*Data under study*:
· · · ·
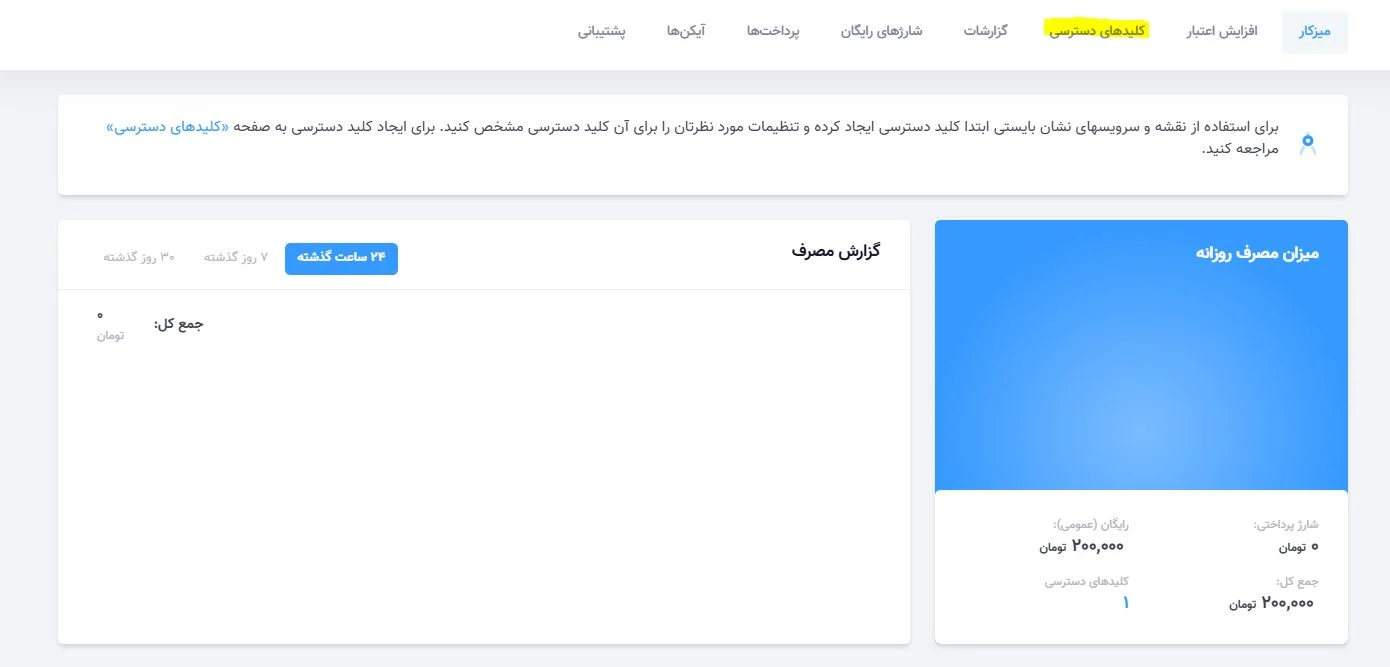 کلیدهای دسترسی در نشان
· · · ·
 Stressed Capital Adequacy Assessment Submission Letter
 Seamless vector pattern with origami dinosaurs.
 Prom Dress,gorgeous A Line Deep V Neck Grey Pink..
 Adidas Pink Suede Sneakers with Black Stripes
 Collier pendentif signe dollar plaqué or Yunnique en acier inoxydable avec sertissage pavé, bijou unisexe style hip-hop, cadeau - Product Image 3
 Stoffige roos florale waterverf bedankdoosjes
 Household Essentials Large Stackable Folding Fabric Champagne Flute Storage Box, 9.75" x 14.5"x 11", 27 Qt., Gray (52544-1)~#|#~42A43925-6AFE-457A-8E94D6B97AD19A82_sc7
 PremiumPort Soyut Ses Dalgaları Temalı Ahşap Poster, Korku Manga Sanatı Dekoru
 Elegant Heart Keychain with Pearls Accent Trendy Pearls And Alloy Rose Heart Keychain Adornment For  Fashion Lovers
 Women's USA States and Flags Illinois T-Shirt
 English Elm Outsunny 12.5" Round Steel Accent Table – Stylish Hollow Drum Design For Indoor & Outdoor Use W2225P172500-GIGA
· · · ·
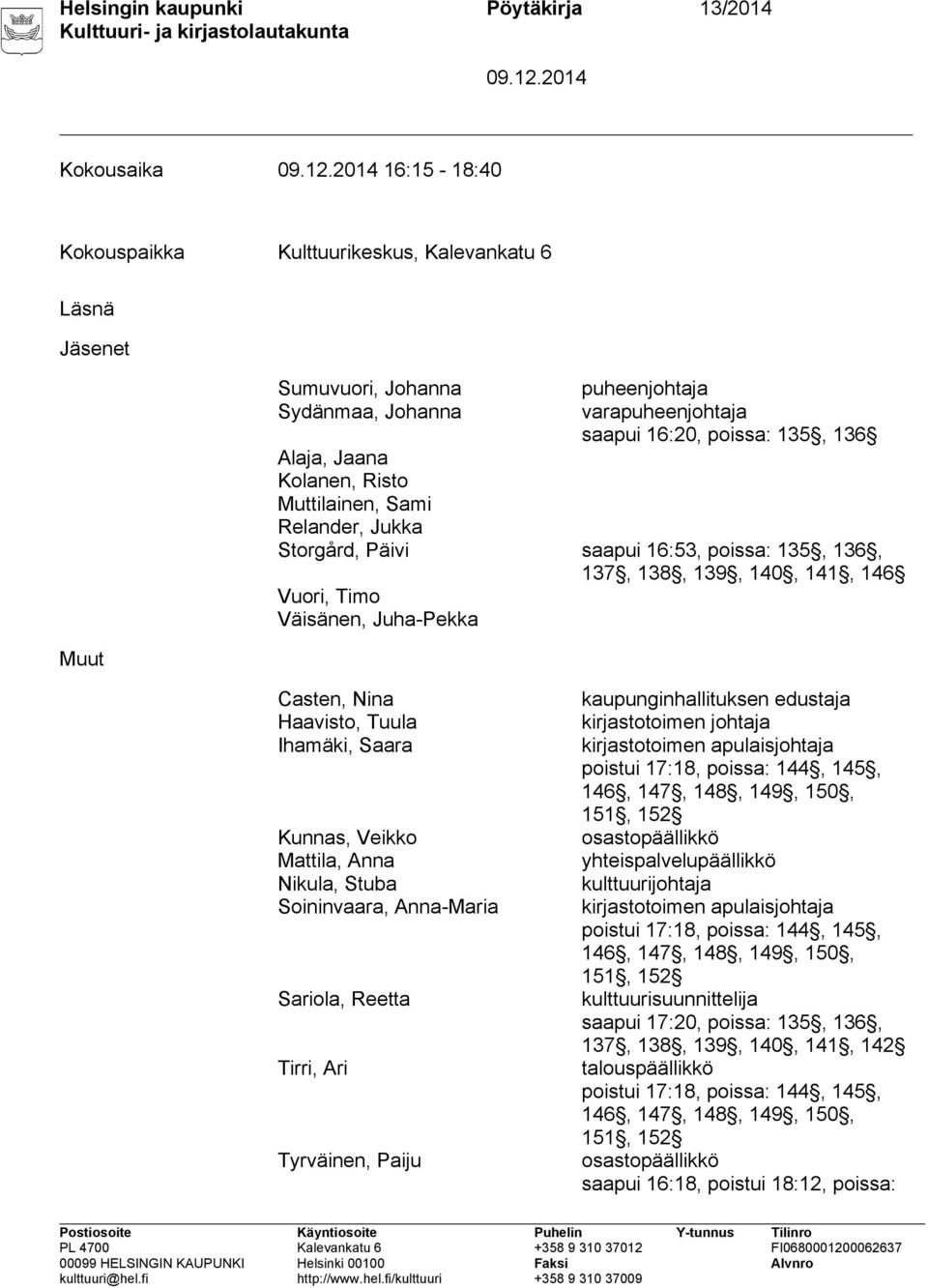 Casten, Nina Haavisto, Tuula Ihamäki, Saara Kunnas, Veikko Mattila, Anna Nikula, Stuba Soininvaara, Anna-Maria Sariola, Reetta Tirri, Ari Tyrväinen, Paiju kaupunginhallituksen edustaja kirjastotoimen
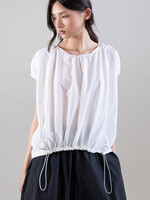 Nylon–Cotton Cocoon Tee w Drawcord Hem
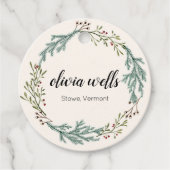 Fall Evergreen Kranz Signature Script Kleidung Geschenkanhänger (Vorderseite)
· · · ·
Beginning with the line that has "Prom Dress,gorgeous A" and ending with the line that has "English Elm Outsunny", set down the lines above exactly and include no others.

 Prom Dress,gorgeous A Line Deep V Neck Grey Pink..
 Adidas Pink Suede Sneakers with Black Stripes
 Collier pendentif signe dollar plaqué or Yunnique en acier inoxydable avec sertissage pavé, bijou unisexe style hip-hop, cadeau - Product Image 3
 Stoffige roos florale waterverf bedankdoosjes
 Household Essentials Large Stackable Folding Fabric Champagne Flute Storage Box, 9.75" x 14.5"x 11", 27 Qt., Gray (52544-1)~#|#~42A43925-6AFE-457A-8E94D6B97AD19A82_sc7
 PremiumPort Soyut Ses Dalgaları Temalı Ahşap Poster, Korku Manga Sanatı Dekoru
 Elegant Heart Keychain with Pearls Accent Trendy Pearls And Alloy Rose Heart Keychain Adornment For  Fashion Lovers
 Women's USA States and Flags Illinois T-Shirt
 English Elm Outsunny 12.5" Round Steel Accent Table – Stylish Hollow Drum Design For Indoor & Outdoor Use W2225P172500-GIGA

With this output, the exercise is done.